Goodwill is grounded in the sense of justice and issues from complete sincerity. The sincere man is necessarily conscious of goodwill and he is necessarily possessed of the moral courage required to practice it. The ancients said "there is completeness in sincerity," and again, "where there is not sincerity there is a void." The place of sincerity in human life is indeed like that of energy in the atom, the structure of which would collapse without it. If a man's life lacks "ardent sincerity," he will likewise be powerless to form and manifest the three key-virtues of judgment, goodwill, and courage. And without the strength to be derived from those virtues, the Three Principles of the People can make no headway. Only by action inspired with perfect sincerity can the splendid truths of those Principles be asserted and translated into fact.

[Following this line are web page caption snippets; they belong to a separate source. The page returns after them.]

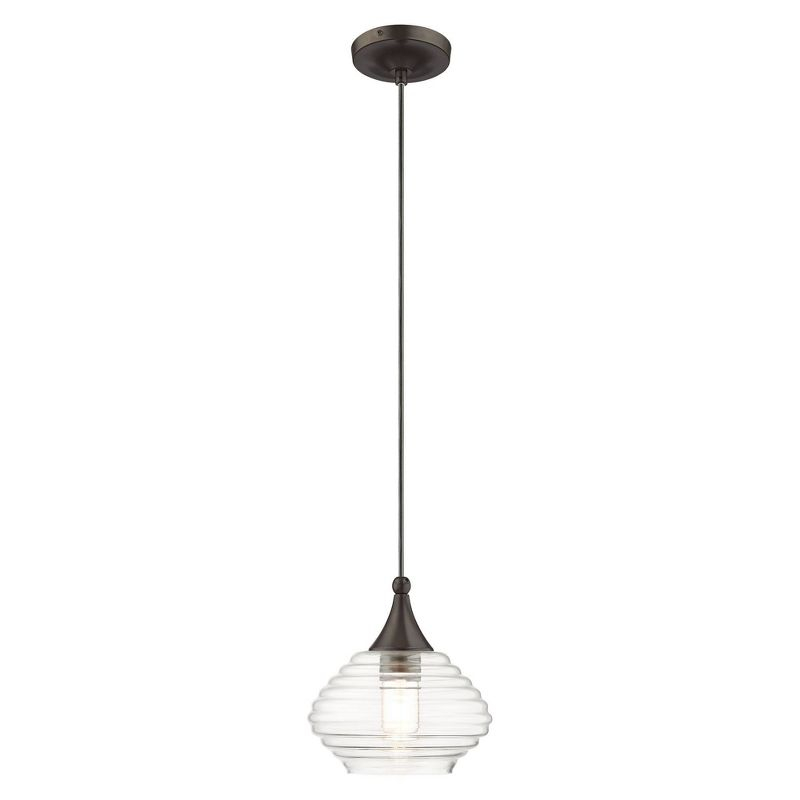 Livex Lighting Art Glass 1 - Light Pendant in  English Bronze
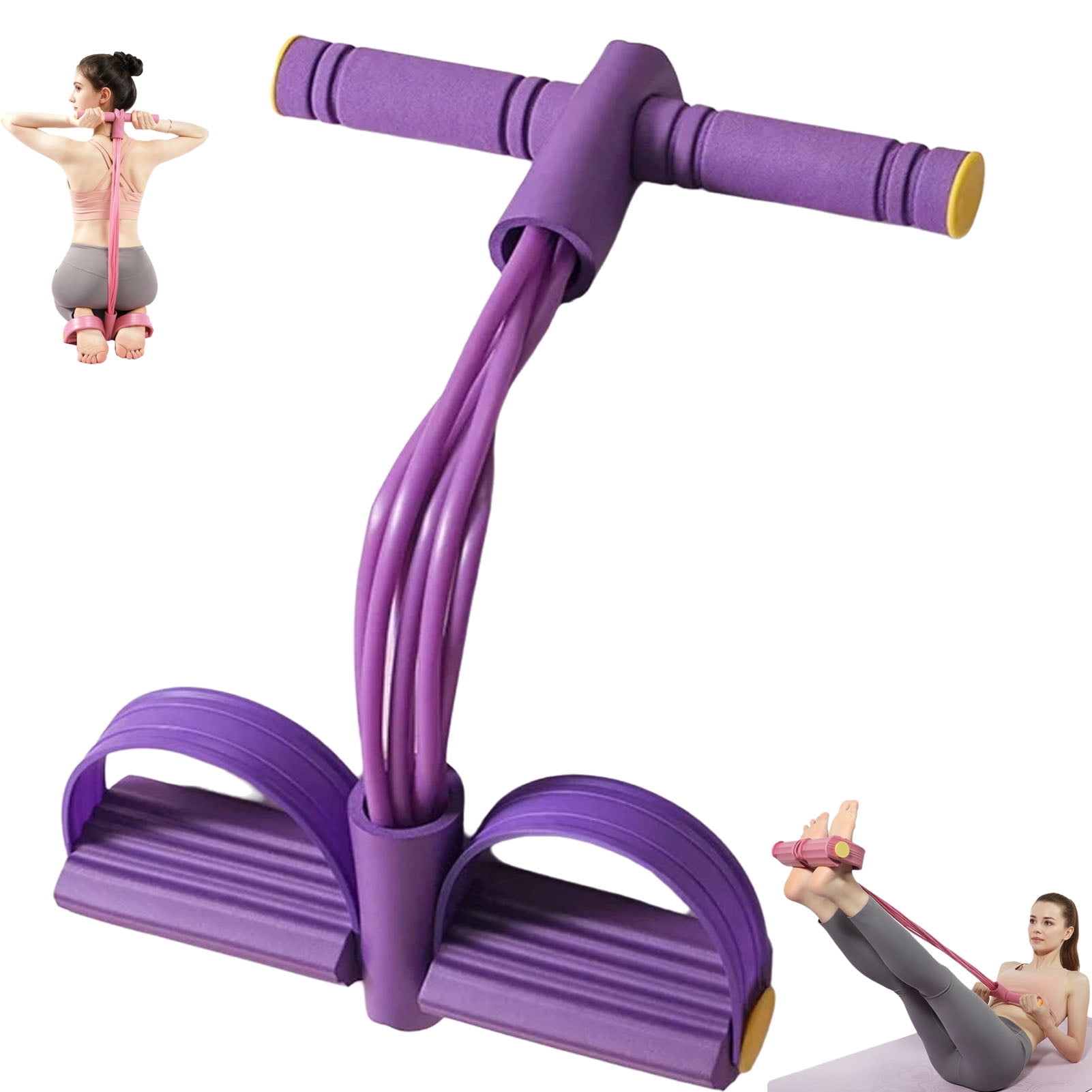 3 in 1 Multifunction Pedal Resistance Band, Foot-Loop Resistance Band, Flexible Resistance Design and Detachable Handles, Portable and Compact Structure, Ideal for Beginners to Practice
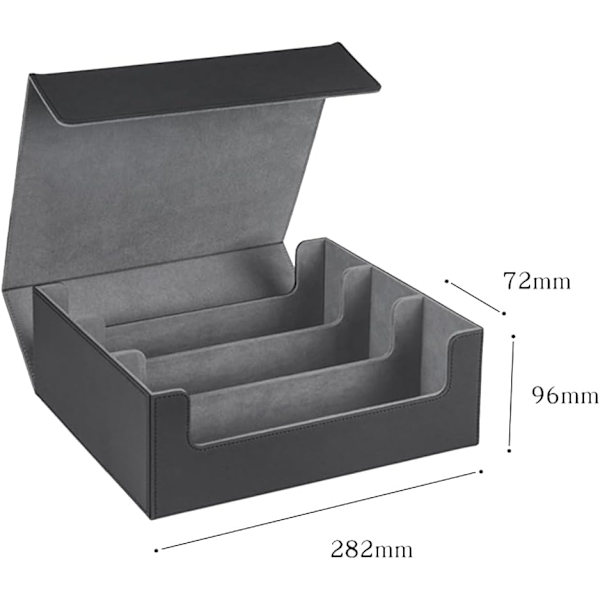 Beausoleil 1-delt magnetisk kortopbevaringsboks Top Side-Loading Deck Case Spilkortboks Sort+Grå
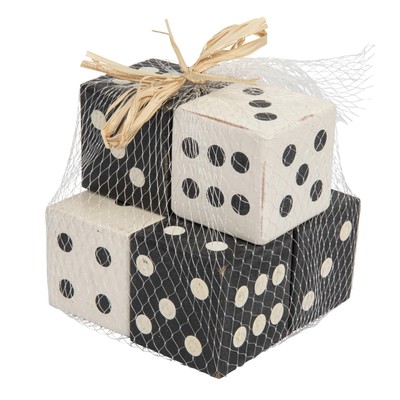 Creative Co-op DA0677 Decorative Mango Wood Dice (Set of 6 Pieces) , Black-image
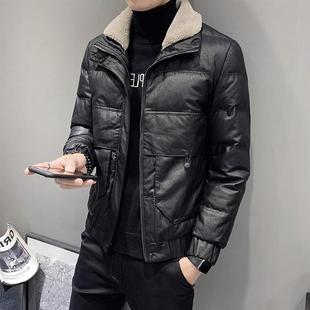 香港男士绵羊皮衣外套2024冬季新款羊羔毛领韩版棉衣加厚羽绒服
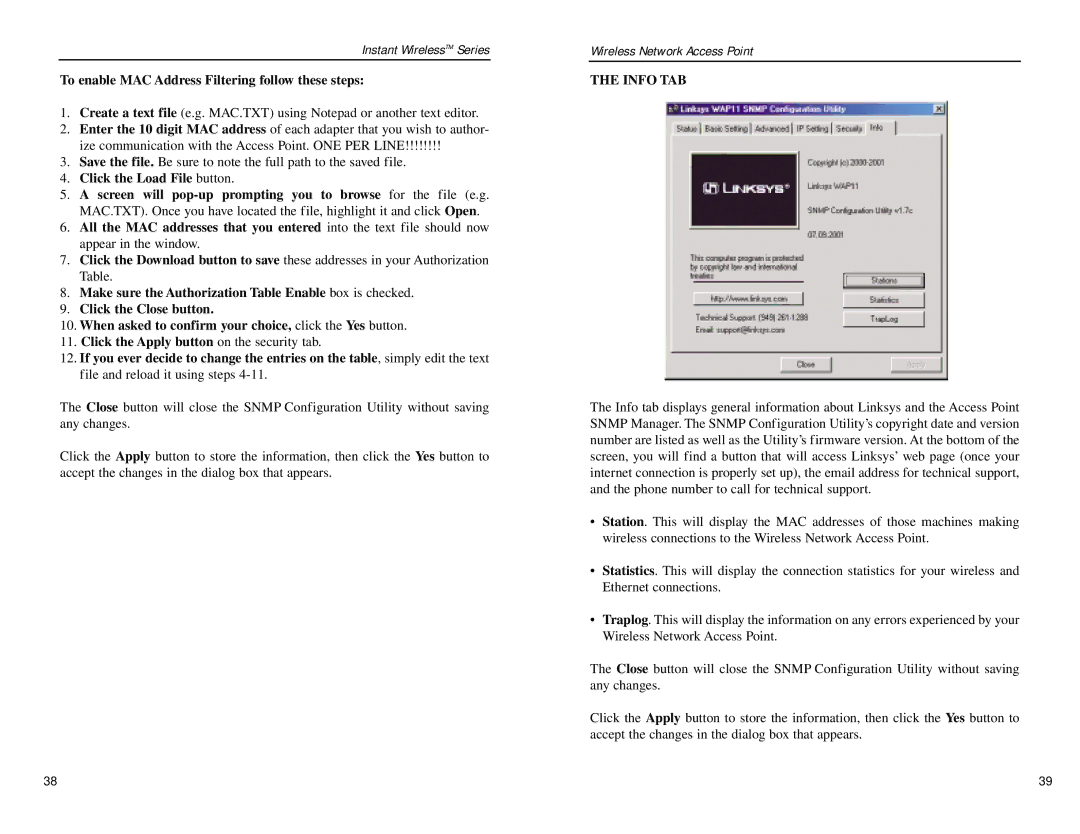 Linksys WAP11 manual To enable MAC Address Filtering follow these steps, Info TAB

Sincerity is dependent upon the sense of justice. The keynote of our Republican Revolution has been the smashing of selfish individualism and the rescue of our people from their sufferings and of our nation from its peril. To achieve what yet remains to be done, to acquit ourselves well as a section of humanity, and to explore the full scope of possible human well-being, all we do and enact must be grounded in perfect sincerity. Then the pains we take and the plans we devise will prove creative, progressive, and constructive; we shall put flesh on the bones of the egalitarian philosophy of social justice; we shall be clear as to what we think and are aiming at; we shall be able to give full expression to our true nature and faculties, proceeding in all we do resolutely, frankly, and boldly.
Action attains its highest point of intensity in the giving of one's life in the cause of justice, when death in that cause is accepted as sweet and shorn of all its terrors. "One may die in the course of willing men good, but life is not to be purchased at the price of willing them ill" is a classical teaching we may take as a supreme ideal of positive action. Action that lives up to that ideal will inevitably be revolutionary, while, vice versa, it is only genuinely revolutionary conduct that possesses the true qualities of positive action. Sincerity is the primal motive force of action. With it, a man is aware only of the interests he has in common with his fellow-men, and of none that conflicts with those of his fellow-men. With sincerity, a man acts his will to good in perfect self-possession, pushing steadily onwards through difficulty and danger to success. This is the bearing of Dr. Sun's teaching on the revolutionary movement.